- Your assignment -
Print the listing in its entirety and exactly, leaving out images.

(Excerpted data Opens)

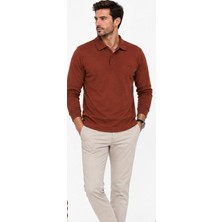 Lacoste Polo Yaka Çıt Çıt Kapama Regular Fit Uzun Kol Kiremit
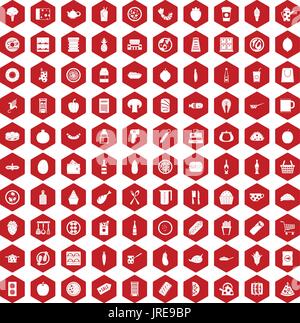 100 lunch icons hexagon red Stock Vector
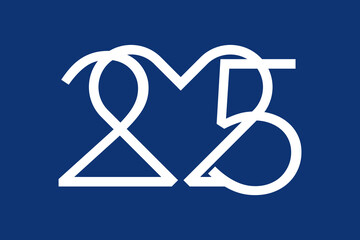 2025 happy new year, trendy new year 2025 white or blue background design template icon vector	
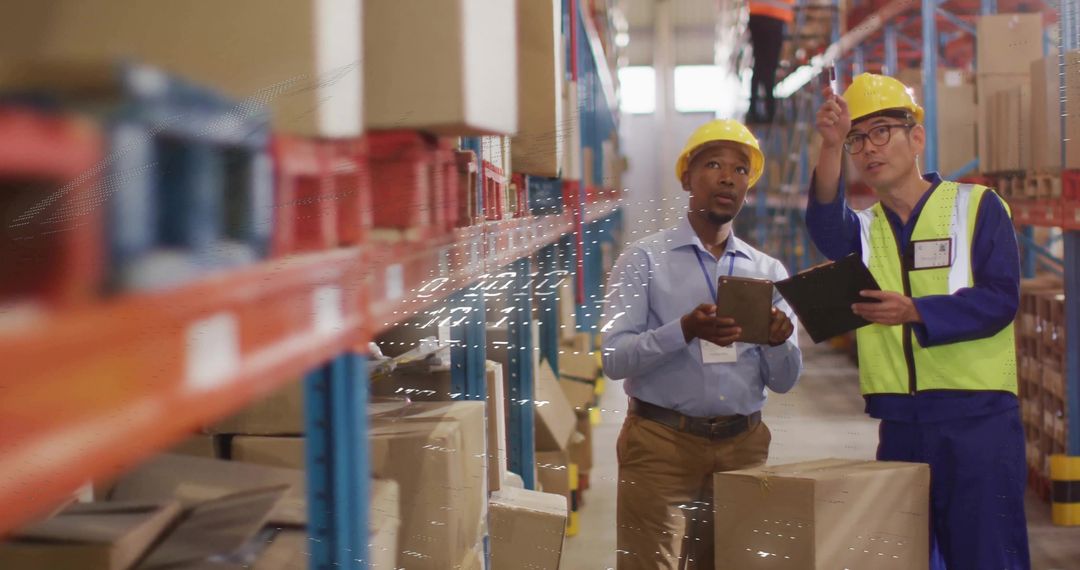 Warehouse Workers Scanning Inventory on Aisle with Gear
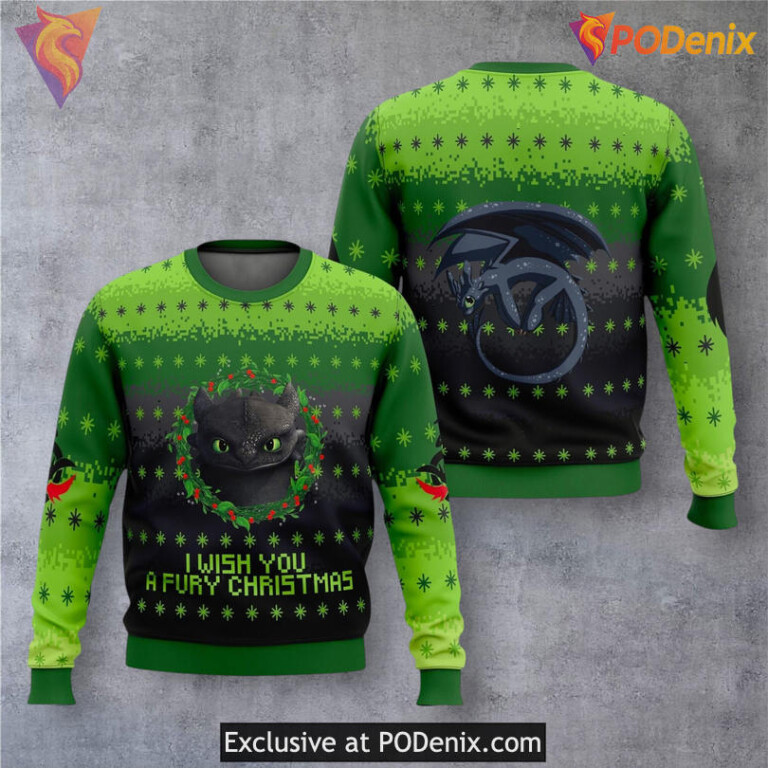 Toothless Dragon Merry Xmas 3D Holiday Sweater Cute Fantasy Christmas Style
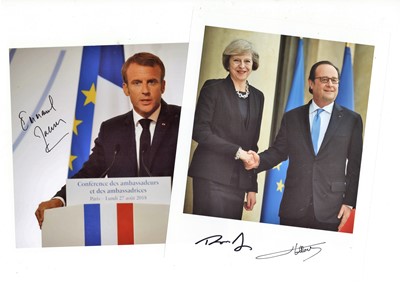 Lot 249 - French Presidents.- Francois Hollande & Emmanuel Macron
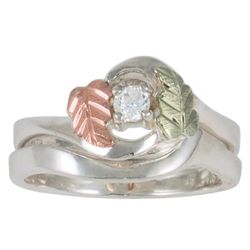New, BLACK HILLS GOLD AND SILVER LADIES WEDDING SET Sz 5.5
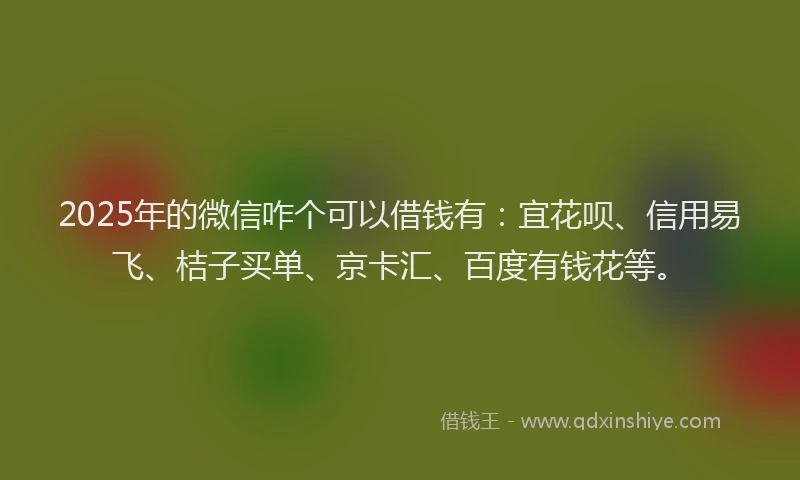 2025年的微信咋个可以借钱有：宜花呗、信用易飞、桔子买单、京卡汇、百度有钱花等。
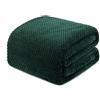 Exclusivo Mezcla Coperta in Pile Extra Large Morbida e Calda per Divano e Letto, Trama Gaufré, Soffice e Leggera, 230x270 CM, Verde Scuro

(Excerpted data Closes)

- Response -
 Lacoste Polo Yaka Çıt Çıt Kapama Regular Fit Uzun Kol Kiremit
 100 lunch icons hexagon red Stock Vector
 2025 happy new year, trendy new year 2025 white or blue background design template icon vector	
 Warehouse Workers Scanning Inventory on Aisle with Gear
 Toothless Dragon Merry Xmas 3D Holiday Sweater Cute Fantasy Christmas Style
 Lot 249 - French Presidents.- Francois Hollande & Emmanuel Macron
New, BLACK HILLS GOLD AND SILVER LADIES WEDDING SET Sz 5.5
 2025年的微信咋个可以借钱有：宜花呗、信用易飞、桔子买单、京卡汇、百度有钱花等。
 Exclusivo Mezcla Coperta in Pile Extra Large Morbida e Calda per Divano e Letto, Trama Gaufré, Soffice e Leggera, 230x270 CM, Verde Scuro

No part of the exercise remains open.